I have received several letters, by the way, from people who are called upon to speak at funerals from time to time, and who, having read Speaker for the Dead, make an effort to turn the funeral service into a Speaking. I hasten to add that they have done this either with the permission of the family or at the urging of the deceased (given, obviously, before death!). Some of them have even sent me the text of their Speaking, and I must tell you that the stories thus told are astonishing and powerful. I hope someone will do a Speaking at my funeral. I think there really is power and truth in the idea.
But that was not the only source of Speaker for the Dead. I was also a longtime aficionado of anthropological science fiction--stories in which a scientist studies an alien culture and uncovers the reasons for their strangeness. The first such novel that I read was James Blish's A Case of Conscience. Not many years later, I read Michael Bishop's story "Death and Designation among the Asadi." Both had a powerful effect on me. So in the back of my mind, I had a strong desire to add something of my own to that subgenre.
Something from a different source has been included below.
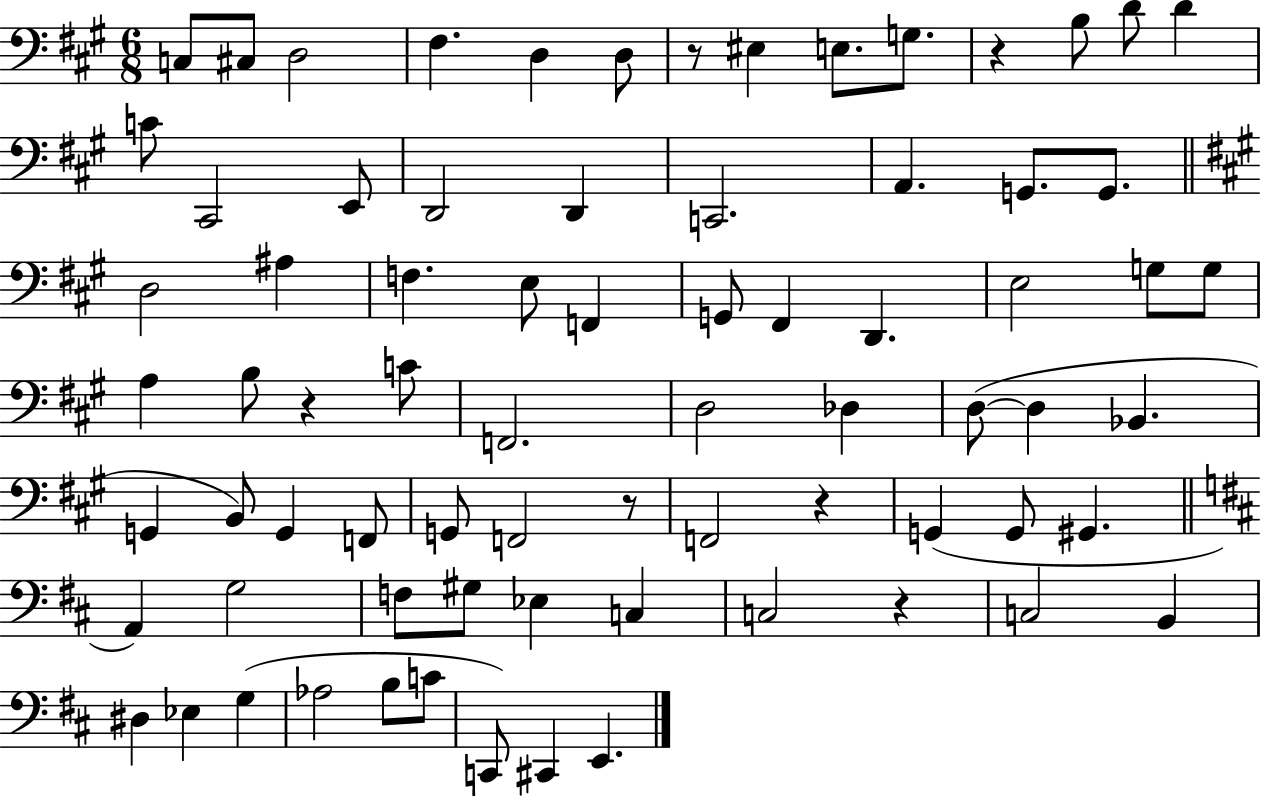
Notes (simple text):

C3/e C#3/e D3/h F#3/q. D3/q D3/e R/e EIS3/q E3/e. G3/e. R/q B3/e D4/e D4/q C4/e C#2/h E2/e D2/h D2/q C2/h. A2/q. G2/e. G2/e. D3/h A#3/q F3/q. E3/e F2/q G2/e F#2/q D2/q. E3/h G3/e G3/e A3/q B3/e R/q C4/e F2/h. D3/h Db3/q D3/e D3/q Bb2/q. G2/q B2/e G2/q F2/e G2/e F2/h R/e F2/h R/q G2/q G2/e G#2/q. A2/q G3/h F3/e G#3/e Eb3/q C3/q C3/h R/q C3/h B2/q D#3/q Eb3/q G3/q Ab3/h B3/e C4/e C2/e C#2/q E2/q.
So when I thought of the idea of an alien species which in order to reproduce, had to slaughter each other in terrible intertribal wars, it was only natural that I decided the story should be told from the viewpoint of a human scientist studying them. Only gradually, over several years. did I develop the idea of the piggies and their strange lifecycle, and the intertribal war receded in importance--so much so that I didn't need to make it an issue in Speaker for the Dead at all. But it was in trying to think of an evolutionary reason why these little porcine aliens would need to slaughter each other for the species to thrive that I came up with the pequeninos that you meet in the pages of this book.